6:13 C93 Borchardt. Invented by Hugo Borchardt 1893. Later improved upon by his assistant, Georg Luger, in 1898. 12:55 its a Krag. Was US standard issue from 1894-1906.
Not completely sure if they knew this but the bold action rifle is modeled after the bolt action krag-jørgensen, the in game model I believed fired an .30-40 krag. It saw production from 1886-1945 and it did see action up to ww2 with the Danish military as an standard issued rifle. Their ammo for the danish model was an 8×58mmR by the way
Great video but I think the expert is forgetting the history aspect of this game though too. Older guns from the mid to late 1800s didn't have gunpowder like we have today it was black powder which wasn't as loud because it wasn't going "supersonic" meaning you could shoot it and not get tinnitus so easily and the recoil was a little less violent which is why one handed and dual wielding revolvers and whatnot was a thing
Dual Wielding in the manner depicted still really wasn't a thing aside from trickshooters. Carrying two revolvers was originally a Cavalry tactic: You could holster one of your empty guns and pull out the second, because it was REAL damn hard to reload cap and balls on horseback!

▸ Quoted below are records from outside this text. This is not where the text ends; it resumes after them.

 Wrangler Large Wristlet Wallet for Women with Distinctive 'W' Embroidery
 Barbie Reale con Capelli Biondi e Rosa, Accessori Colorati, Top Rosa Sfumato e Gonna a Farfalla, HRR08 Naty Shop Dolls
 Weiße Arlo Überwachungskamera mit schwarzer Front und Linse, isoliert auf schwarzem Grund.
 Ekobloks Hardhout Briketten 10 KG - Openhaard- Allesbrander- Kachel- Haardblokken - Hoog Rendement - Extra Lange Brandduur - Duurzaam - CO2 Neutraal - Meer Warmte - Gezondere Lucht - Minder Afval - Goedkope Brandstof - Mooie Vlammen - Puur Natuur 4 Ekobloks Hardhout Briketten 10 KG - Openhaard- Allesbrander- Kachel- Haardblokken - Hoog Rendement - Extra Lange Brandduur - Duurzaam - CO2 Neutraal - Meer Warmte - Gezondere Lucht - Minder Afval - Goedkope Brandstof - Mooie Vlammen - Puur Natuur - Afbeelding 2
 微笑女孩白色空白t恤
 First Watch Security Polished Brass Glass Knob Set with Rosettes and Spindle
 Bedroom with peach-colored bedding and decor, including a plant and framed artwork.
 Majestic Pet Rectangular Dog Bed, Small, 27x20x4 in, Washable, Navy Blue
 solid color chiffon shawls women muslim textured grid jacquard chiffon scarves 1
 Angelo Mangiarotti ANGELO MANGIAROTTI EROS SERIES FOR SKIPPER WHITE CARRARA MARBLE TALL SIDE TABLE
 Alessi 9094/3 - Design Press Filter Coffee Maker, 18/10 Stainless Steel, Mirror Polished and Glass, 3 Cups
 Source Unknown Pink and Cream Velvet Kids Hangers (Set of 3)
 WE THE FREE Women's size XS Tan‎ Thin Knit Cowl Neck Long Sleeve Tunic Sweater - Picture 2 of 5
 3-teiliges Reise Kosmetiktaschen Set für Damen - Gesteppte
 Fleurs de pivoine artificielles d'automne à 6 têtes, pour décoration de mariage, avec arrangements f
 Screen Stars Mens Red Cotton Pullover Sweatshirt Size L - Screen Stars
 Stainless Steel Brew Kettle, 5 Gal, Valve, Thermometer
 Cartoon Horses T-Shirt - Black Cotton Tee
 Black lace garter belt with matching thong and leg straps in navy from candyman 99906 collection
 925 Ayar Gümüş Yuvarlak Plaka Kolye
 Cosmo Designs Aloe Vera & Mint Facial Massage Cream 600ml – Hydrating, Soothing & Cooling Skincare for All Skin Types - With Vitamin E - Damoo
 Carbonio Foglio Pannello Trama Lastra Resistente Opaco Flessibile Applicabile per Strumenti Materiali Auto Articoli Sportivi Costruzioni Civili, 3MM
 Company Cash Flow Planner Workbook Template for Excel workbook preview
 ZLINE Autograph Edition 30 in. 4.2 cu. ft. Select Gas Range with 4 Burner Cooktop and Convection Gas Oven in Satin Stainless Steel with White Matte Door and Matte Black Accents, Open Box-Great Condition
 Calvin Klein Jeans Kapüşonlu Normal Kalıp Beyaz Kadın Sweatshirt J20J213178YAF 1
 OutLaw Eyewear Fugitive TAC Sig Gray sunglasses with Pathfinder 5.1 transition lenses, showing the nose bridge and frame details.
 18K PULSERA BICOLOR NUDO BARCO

6:13 Borchardt pistol! I believe the first semi-auto at least the first that was actually in any way practical. And its a toggle lock that's going up when it ejects a round.
8:00 hits different because in my first calculus class when we were learning about velocity and inertia our professor deadass said "well if you get shot with a bullet point blank, it's not stop at the top layer of your chest" 😭
3:52 It's not based off of a Winchester, its based off of a Henry Repeater, which would explain the octagonal barrel and obvious (and completely different) reload mechanism. I thought these guys were supposed to be experts but they're completely wrong...
On engravings. One of the best in the US is a man named Larry Parker in Belmont, Ohio. He's well renowned in gun circles as a master. He was a foreman in the southeast coal mines for many years.